Рогозин откинулся, закрыл глаза, потом, вспомнив что-то, снова подался вперед:
– А меч где?
– Здесь меч, не бойся.
– А сабля?
– Тоже здесь.
– Знатная сабелька. Друг подарил. Эх, его бы сюда, мы бы этим уродам устроили Куликово поле.
– Пока что ты им устроил Ходынское. Кстати, где меч-то нашел?
Прежде чем ответить, Рогозин подумал, тяжело дыша, потом пытливо посмотрел в зеркальце, ловя взгляд Корсакова.
– Неделю назад шел под утро с пьянки. У нас там, на Магистральной. Через гаражи пошел. Смотрю, дерутся, – он говорил тяжело, выплевывая слова вместе с короткими выдохами, морщась и запинаясь. – Я думал «белочка» началась: на мечах и топорах бьются, и трупы в пепел превращаются. Вот, дождался, пока они друг друга перебили, пошел поближе посмотреть. А там короб такой деревянный, они вокруг него бились. Открываю – меч. Ну, ты знаешь, я в холодном оружии дока. Сразу понял – богатая вещь, ну и прихватил. Стал тебя искать. Ты вот где обитаешься сейчас?
– На Арбате.
– И на Арбате был, да только мужики меня в Измайлово послали. День потерял. А чего на кладбище не подошел? Я ж тебе знак подал.

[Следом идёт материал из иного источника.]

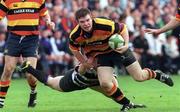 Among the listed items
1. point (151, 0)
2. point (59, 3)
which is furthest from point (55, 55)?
point (151, 0)

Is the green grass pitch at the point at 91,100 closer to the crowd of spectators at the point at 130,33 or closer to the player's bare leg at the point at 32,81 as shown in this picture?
the player's bare leg at the point at 32,81

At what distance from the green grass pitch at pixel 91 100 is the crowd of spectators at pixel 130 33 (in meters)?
3.25

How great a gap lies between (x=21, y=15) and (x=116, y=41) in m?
1.96

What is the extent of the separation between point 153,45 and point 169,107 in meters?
10.1

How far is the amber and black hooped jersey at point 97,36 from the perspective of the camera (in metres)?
10.5

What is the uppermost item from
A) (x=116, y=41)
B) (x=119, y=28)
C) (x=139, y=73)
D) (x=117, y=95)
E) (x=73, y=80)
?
(x=119, y=28)

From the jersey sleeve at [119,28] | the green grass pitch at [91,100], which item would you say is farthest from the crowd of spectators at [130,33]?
the jersey sleeve at [119,28]

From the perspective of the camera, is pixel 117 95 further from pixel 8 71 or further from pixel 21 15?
pixel 21 15

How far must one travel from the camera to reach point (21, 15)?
37.4ft

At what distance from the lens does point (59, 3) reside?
21562 mm

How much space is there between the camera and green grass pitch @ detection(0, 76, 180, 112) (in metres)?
11.3

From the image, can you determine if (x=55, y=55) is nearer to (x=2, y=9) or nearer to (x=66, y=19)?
Result: (x=66, y=19)

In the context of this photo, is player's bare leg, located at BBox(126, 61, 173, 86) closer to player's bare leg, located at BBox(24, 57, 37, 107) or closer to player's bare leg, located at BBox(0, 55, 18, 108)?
player's bare leg, located at BBox(24, 57, 37, 107)

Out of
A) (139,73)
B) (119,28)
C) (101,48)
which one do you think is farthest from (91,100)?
(119,28)
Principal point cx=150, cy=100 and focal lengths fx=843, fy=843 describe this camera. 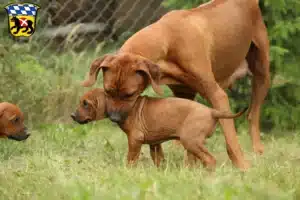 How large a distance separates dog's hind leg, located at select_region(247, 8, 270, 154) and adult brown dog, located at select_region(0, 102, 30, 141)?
218 centimetres

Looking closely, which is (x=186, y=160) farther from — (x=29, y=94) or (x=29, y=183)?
(x=29, y=94)

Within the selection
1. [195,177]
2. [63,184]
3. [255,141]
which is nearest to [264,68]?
[255,141]

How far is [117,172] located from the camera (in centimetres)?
543

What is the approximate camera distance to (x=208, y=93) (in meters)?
6.44

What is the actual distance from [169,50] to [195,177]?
1.32m

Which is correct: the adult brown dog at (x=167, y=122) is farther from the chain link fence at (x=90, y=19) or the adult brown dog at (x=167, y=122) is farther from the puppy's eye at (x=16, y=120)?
the chain link fence at (x=90, y=19)

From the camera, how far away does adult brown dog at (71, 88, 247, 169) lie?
589 cm

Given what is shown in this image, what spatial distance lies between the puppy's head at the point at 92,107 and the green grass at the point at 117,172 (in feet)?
1.11

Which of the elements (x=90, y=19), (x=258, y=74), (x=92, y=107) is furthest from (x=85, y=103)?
(x=90, y=19)

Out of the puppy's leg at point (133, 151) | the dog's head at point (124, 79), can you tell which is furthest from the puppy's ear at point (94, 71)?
the puppy's leg at point (133, 151)

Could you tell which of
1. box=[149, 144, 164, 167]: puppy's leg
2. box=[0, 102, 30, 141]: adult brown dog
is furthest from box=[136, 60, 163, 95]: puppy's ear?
box=[0, 102, 30, 141]: adult brown dog

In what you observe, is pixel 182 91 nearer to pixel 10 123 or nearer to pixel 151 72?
pixel 151 72

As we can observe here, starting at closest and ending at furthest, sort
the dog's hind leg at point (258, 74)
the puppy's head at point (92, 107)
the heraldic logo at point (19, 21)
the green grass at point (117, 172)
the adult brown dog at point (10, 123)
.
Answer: the green grass at point (117, 172) < the puppy's head at point (92, 107) < the adult brown dog at point (10, 123) < the dog's hind leg at point (258, 74) < the heraldic logo at point (19, 21)

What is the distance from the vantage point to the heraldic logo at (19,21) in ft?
28.0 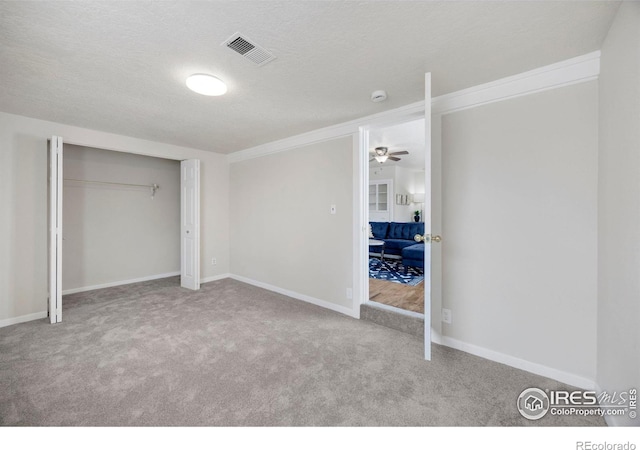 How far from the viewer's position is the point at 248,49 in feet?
5.89

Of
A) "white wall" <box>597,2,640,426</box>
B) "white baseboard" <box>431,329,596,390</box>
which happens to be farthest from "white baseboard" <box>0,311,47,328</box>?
"white wall" <box>597,2,640,426</box>

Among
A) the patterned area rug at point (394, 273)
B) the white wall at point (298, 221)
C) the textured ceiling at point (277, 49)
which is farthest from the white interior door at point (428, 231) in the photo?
the patterned area rug at point (394, 273)

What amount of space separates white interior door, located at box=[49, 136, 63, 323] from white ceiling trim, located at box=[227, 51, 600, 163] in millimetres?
3065

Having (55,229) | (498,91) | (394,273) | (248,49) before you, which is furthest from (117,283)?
(498,91)

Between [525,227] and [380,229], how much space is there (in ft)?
15.3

– Забыл совсем, – вздохнул Корсаков. – Извини, Борисыч. Сам понимаешь: похороны. Моей подруге плохо стало. Пока то, се, опомнился уже в автобусе. Да и узнал тебя не сразу. Извини, здорово ты постарел.
– А чего ты извиняешься? – усмехнулся Рогозин. – Все правильно. Да, совсем плох Борисыч стал, да, жизнь покатилась под горку и без тормозов. Вот, как со спортом завязал, так и все, покатился. Эй, а как ты меня на Ходынке нашел?
– Долго рассказывать.
– Ладно, авось доживу, когда темнить перестанешь, – Рогозин закашлялся. – Да, а сегодня ночью ломиться ко мне стали. Дверь вынесли. Я как их увидел, тут же сообразил: за мечом пожаловали. Сначала в квартире отмахивался, но уж больно много их было. В окно прыгнул, так и там ждут. В квартире эти, уроды зубастые, а внизу парни блондинистые. Не помню, как и ушел. Во, чуть не забыл… Получается интересная штука: я их вижу, а больше никто. Я пока бегал от них – приметил. Что я, заговоренный, что ли?

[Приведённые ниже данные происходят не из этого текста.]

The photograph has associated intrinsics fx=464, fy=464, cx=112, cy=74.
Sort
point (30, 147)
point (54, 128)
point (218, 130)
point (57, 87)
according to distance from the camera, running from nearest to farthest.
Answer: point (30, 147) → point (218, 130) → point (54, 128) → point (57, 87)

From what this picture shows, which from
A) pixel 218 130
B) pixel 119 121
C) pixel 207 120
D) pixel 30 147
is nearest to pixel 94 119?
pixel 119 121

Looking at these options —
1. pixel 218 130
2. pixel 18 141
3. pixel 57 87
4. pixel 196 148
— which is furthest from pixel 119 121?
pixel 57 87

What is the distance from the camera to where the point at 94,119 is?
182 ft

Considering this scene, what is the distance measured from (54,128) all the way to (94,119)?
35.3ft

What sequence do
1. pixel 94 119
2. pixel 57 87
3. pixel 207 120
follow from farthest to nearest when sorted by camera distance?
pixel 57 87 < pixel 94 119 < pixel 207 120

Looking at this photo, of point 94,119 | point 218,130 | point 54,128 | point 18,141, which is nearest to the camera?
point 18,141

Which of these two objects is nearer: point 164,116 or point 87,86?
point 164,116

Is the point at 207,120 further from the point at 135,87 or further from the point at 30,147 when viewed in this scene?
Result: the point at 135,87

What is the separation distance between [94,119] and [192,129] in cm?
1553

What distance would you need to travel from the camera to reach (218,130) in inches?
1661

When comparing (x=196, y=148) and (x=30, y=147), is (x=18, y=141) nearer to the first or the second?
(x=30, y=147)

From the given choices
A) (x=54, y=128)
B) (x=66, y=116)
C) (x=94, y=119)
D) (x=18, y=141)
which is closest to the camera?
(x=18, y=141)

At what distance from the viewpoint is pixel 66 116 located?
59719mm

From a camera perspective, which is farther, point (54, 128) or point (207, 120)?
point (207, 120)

– Разберемся, – буркнул Корсаков, думая, что, стало быть, и он заговоренный, раз тоже видел нападающих.
– Ох, что-то мне дышать тяжело, – впервые пожаловался Рогозин.

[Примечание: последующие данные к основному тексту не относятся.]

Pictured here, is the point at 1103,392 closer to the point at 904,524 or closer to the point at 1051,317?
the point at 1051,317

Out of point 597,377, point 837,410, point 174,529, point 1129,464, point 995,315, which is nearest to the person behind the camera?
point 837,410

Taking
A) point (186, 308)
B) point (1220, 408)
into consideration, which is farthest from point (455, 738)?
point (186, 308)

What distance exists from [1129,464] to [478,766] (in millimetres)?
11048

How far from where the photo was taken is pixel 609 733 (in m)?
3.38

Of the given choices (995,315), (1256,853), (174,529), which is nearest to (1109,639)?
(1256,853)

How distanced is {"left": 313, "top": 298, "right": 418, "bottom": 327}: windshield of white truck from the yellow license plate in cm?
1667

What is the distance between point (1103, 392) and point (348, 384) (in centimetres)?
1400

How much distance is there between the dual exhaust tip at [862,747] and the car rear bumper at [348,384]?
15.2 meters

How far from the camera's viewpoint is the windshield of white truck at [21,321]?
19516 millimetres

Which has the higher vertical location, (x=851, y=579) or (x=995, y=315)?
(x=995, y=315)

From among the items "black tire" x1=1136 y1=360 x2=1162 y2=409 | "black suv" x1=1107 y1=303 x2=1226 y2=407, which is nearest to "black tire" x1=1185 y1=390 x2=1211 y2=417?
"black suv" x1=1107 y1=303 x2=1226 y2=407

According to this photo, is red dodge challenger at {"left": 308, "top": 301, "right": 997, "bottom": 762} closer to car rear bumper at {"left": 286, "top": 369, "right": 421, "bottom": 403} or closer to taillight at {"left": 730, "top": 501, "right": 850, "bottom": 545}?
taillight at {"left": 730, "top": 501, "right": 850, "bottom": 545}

– Потерпи, Борисыч, рядом уже.
Пользуясь тем, что час был ранний, автомобилей мало и машин ГИБДД не наблюдалось, Корсаков рванул на Смоленской площади через две сплошные полосы, ушел вправо в Денежный переулок, свернул на Сивцев Вражек и через три минуты подкатил к особняку.
– Посиди пока, я сейчас, – сказал он Рогозину.
Тот кивнул, не открывая глаз. Казалось, он прислушивается к своей боли, поглаживая грудь рукой, словно хотел ее успокоить.
Корсаков открыл дверь, взлетел по лестнице. Анюта сидела в кресле, поджав ноги, закутавшись в махровый халат, который подарила Корсакову к новоселью. Она серьезно, без улыбки взглянула на Игоря. Под глазами у нее были круги, осунувшееся лицо побледнело, будто она не спала, по меньшей мере, несколько ночей.
– Ты успел, – она сказала это уверенно, словно заранее знала, что так и будет.
– Успел, – подтвердил Корсаков. – Только проблем от этого не убавилось. Борисычу, ну тренеру моему, здорово досталось, в больницу надо. Можешь сейчас Сань-Саня напрячь?
– Могу, – Анюта встала с кресла, нашла телефонную трубку. – Где он?
– Кто?
– Ну, твой тренер, – чуть раздраженно от непонятливости Корсакова сказала она.
– Внизу, в машине.
– Так веди его сюда. До приезда «скорой» попробуем что-нибудь сделать.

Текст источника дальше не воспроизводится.